Glass Half-Full or Half-Empty
Good News and Surprises
- Key returning position players. Melky Cabrera, the Sox’s LF, is having a great start at the plate, batting .333 with a 405/485/890 slash line to comfortably lead the team. Adam Eaton is batting .292 with a 338/375/713 line. He also started the craziest triple play in team history against Texas last week. Both have been key contributors to make a sub-par overall offense adequate to get the job done in support of solid pitching.
- Key position player acquisitions. Lawrie, Rollins, and Frazier have been key contributors, as expected. Lawrie is second on the club with a .299 average, and sports a 373/433/806 slash line. Frazier’s average is only .205 but his OBP is a solid .275 and he leads the club in HRs (5) and RBIs (9). Rollins has also been a key contributor in clutch situations. These acquisitions sent a clear signal during the off season that the Sox were in win-now mode. Through the first inning of the 2016 season, they have helped do just that.
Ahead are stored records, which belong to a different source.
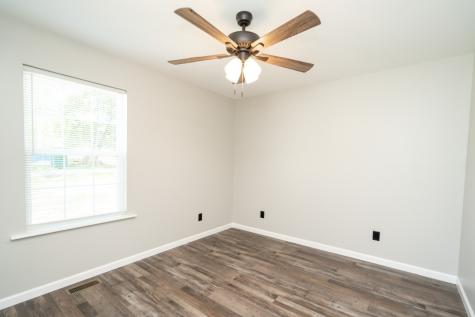 116 Washington Street Ashland City TN 37015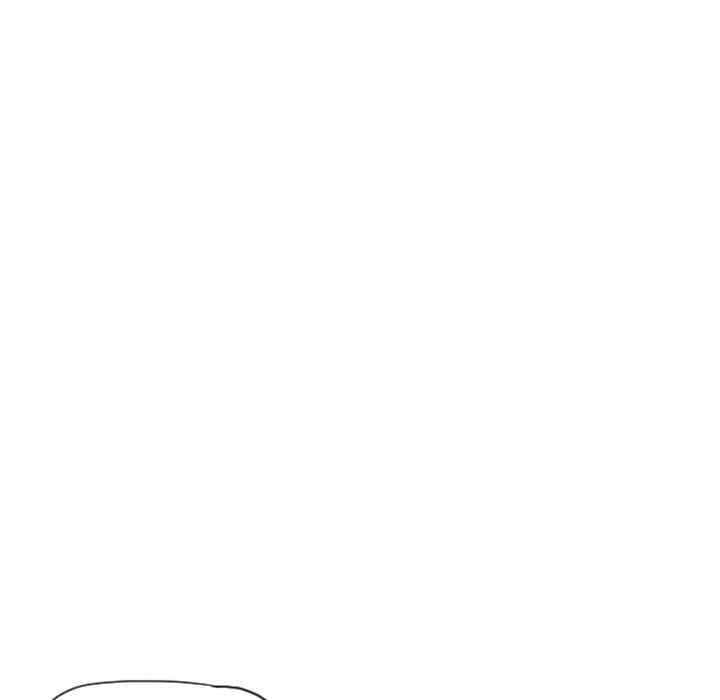 韩国漫画人妻好想要韩漫_人妻好想要-第15话在线免费阅读-韩国漫画-第84张图片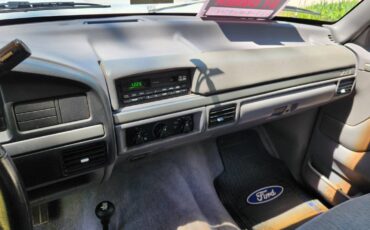Ford-F150-xlt-4x4-1994-white-6
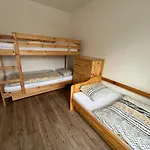 Josefáč Se Saunou Apartamento Josefŭv Dŭl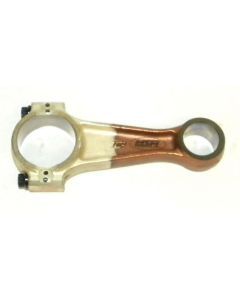 WSM Connecting Rod for Johnson / Evinrude 50 - 70 Hp Looper 86-01 800-104
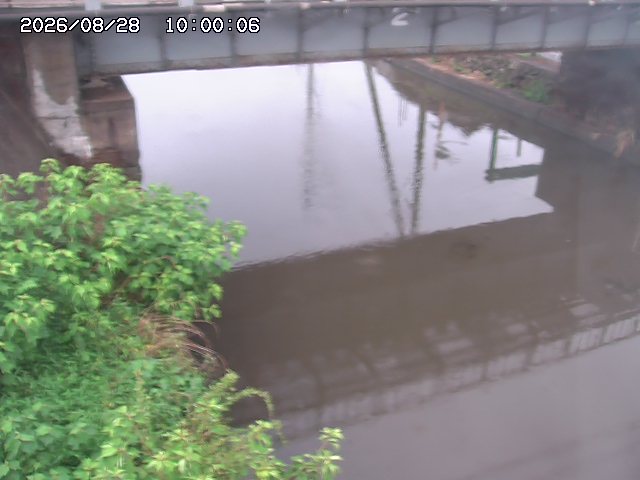 宇田川１2026/08/28 16:50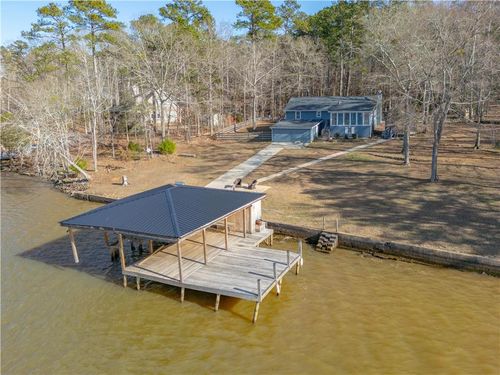 231 Cardinal Pt, Monticello, GA, 31064-8841 | Card Image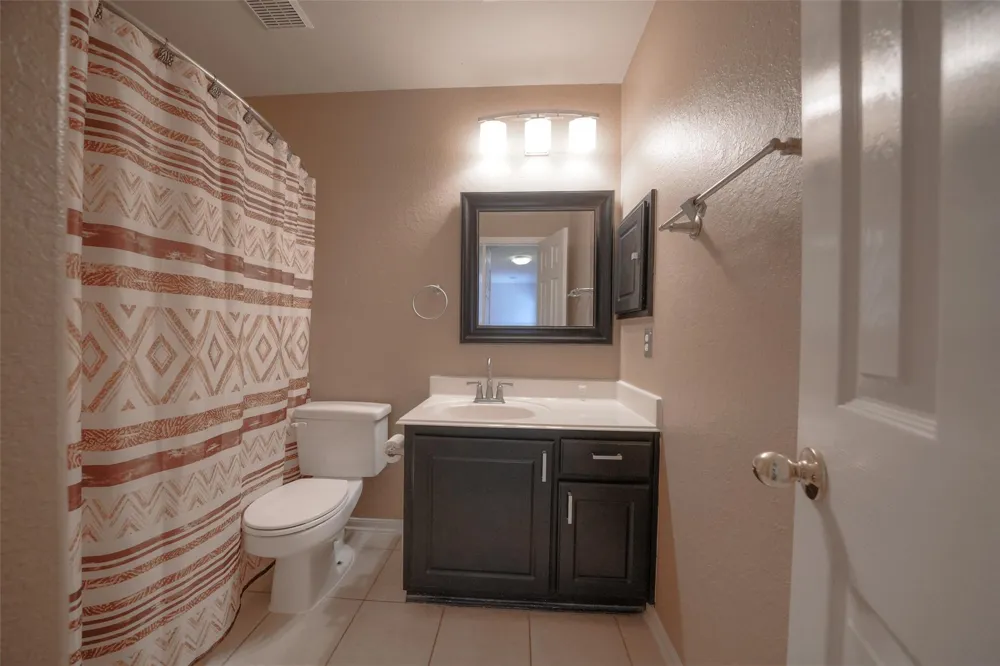 23 Endor Forest Place The Woodlands, TX 77382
- Most of the starting rotation. Matt Latos has been the revelation during the start of the season, sporting a 0.74 ERA, a 0.82 WHIP, and a 4-0 record. This was unexpected and most welcome. Chris Sale has performed as is expected from a staff ace. He currently has an ERA of 1.80 and a WHIP of 0.67 while leading the club in strikeouts (26). Quintana and Rodon have not been as spectacular, but are 3-3 between them.
- The bullpen. A problem area in 2015, it has been rock solid thus far in this first inning of the 2016 season. Dave Robertson has 7 saves in 8 opportunities to go along with an ERA of 1.08 and a WHIP of 0.60. Matt Albers is 1-0 with an ERA of 0.00 in 9.2 innings and a WHIP of 0.83.
Bad News and Concerns
- The other member of the starting rotation. John Danks has been, well, awful through the first frame of the young season. He stands at 0-3, single-handedly responsible for half of the team’s losses, with an unsightly 6.23 ERA and a team second-worst 1.62 WHIP.
- Jose Abreu. After the season’s first frame, the Sox power hitting first baseman has a batting average of .183, a full 17 points south of the Mendoza line. His slash line is a puny 259/338/597. He does have 3 HRs and 8 RBIs which is good enough for second place behind Todd Frazier on the club in both categories. However, this would project to only 27 and 72 respectively for a full season, well below his 2015 output.
What Comes Next
The next inning consists of seventeen games against more formidable competition. They open away at Toronto for 4, then away at Baltimore for 4, and then return home for 3 vs Boston and 3 vs Minnesota, then finish the “inning” with 3 away vs. Texas. Unlike the last inning, most of these opponents have winning records, with a weighted winning percentage of nearly .500 (0.492 to be exact).
The keys to the next inning will be whether the stellar pitching performances thus far can continue as the rather dormant offense springs back to life. If both happen, the team may well build upon the early lead it built in the first inning of the 2016 season.